As of right now, the drug is experimental and has only been tested on unvaccinated people. It also—according to the Associated Press—hasn’t yet been tested against the new Omicron variant. The uncertainty of the pill’s effectiveness caused many to question its authorization during Tuesday’s meeting.
Dr. Lindsey Baden, the chair of the Antimicrobial Drugs Advisory Committee (AMDAC), ultimately voted in favor of the drug, but could see where both sides were coming from. “I see this as an incredibly difficult decision and there are many, many more questions than answers,” he stated.
According to NBC News, “Those who voted in favor, Baden said, thought the drug’s efficacy was ‘apparent, albeit with issues that have to be weighed.’ Those who voted against the recommendation, he summarized, weren’t convinced by the data and cited concerns about potential risks, including potential harm to fetuses and DNA damage.”
Dr. Sankar Swaminathan of the University of Utah School of Medicine, who voted against the pill, thought the amount of research completed was not enough to guarantee the drug’s efficacy. “Given the large potential population affected, the risk of widespread effects on potential birth defects has not been adequately studied,” he asserted.
Roblena Walker, the CEO of Mableton, Georgia, based public health mentoring group EMAGAHA Inc, also saw the risk of potential birth defects as a major constraint, saying “I don’t think I would want to take this drug, not knowing the effects it would have on my unborn child.”
The FDA itself acknowledged the risk of molnupiravir resulting in “fetal harm when administered to pregnant individuals” and is considering restricting the drug for pregnant women. Some supporters of the pill, like Dr. Janet Cragan, a medical officer at the CDC’s birth defects branch, didn’t see the restriction as morally right.
“I don’t think you can ethically say it’s okay to give this drug in pregnancy, obviously,” she began. “But at the same time, I’m not sure you can ethically tell a pregnant woman who has Covid-19 that she can’t have the drug if she’s decided that’s what she needs. I think the final decision has to come down to the individual woman and her provider.”

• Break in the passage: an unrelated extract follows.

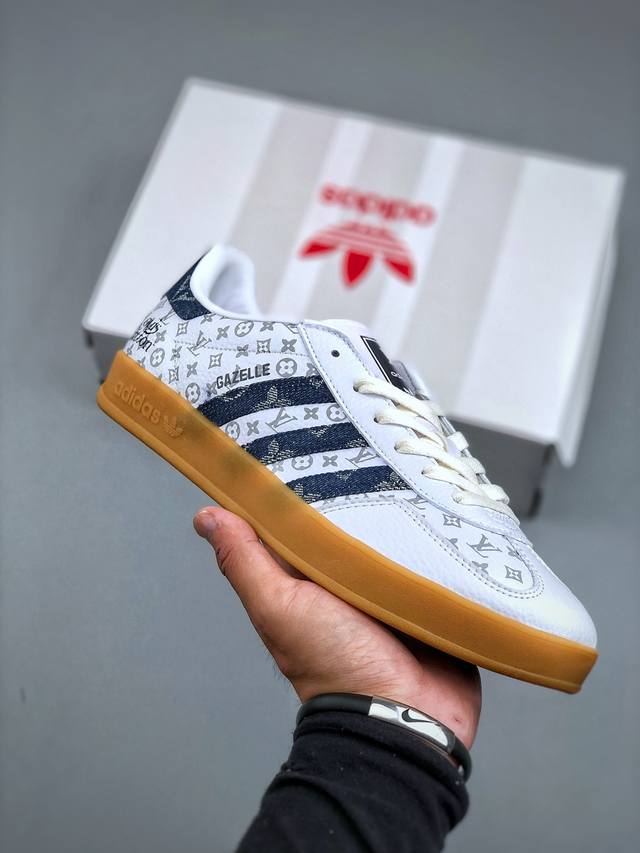 Adidas Samba Og Samba Street Series Dexun Sports Sneakers are made of solid col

In addition to potential birth defects, another major piece of data also stirred up feelings of doubt in many voting members. In a statement released October 1 on Merck’s website, the company had initially announced a 50% reduction of hospitalization and death in “patients with mild or moderate COVID-19” compared to those taking a placebo. However, the Associated Press revealed that these statistics were recently updated, bringing that number significantly down.
“Among more than 1,400 adults in a company study, molnupiravir reduced the combined risk of hospitalization and death by 30%, less than the 50% initially reported based on incomplete results,” the website revealed.
However, like Stat News says, “In the end, panelists narrowly voted that the benefits of having an oral Covid treatment to keep people out of the hospital outweighed their questions and concerns.”
Ultimately, the results of the panel were very close, with a 13-10 voting in favor of the drug. “The FDA is not required to follow the advisory committee’s guidance,” NBC News reveals, “but it usually does. A final ruling by the agency could come in a matter of days.”
As the Associated Press said,“The drug could provide a much-needed weapon against the virus as colder weather pushes case counts higher and U.S. officials brace for the arrival of the new omicron variant.”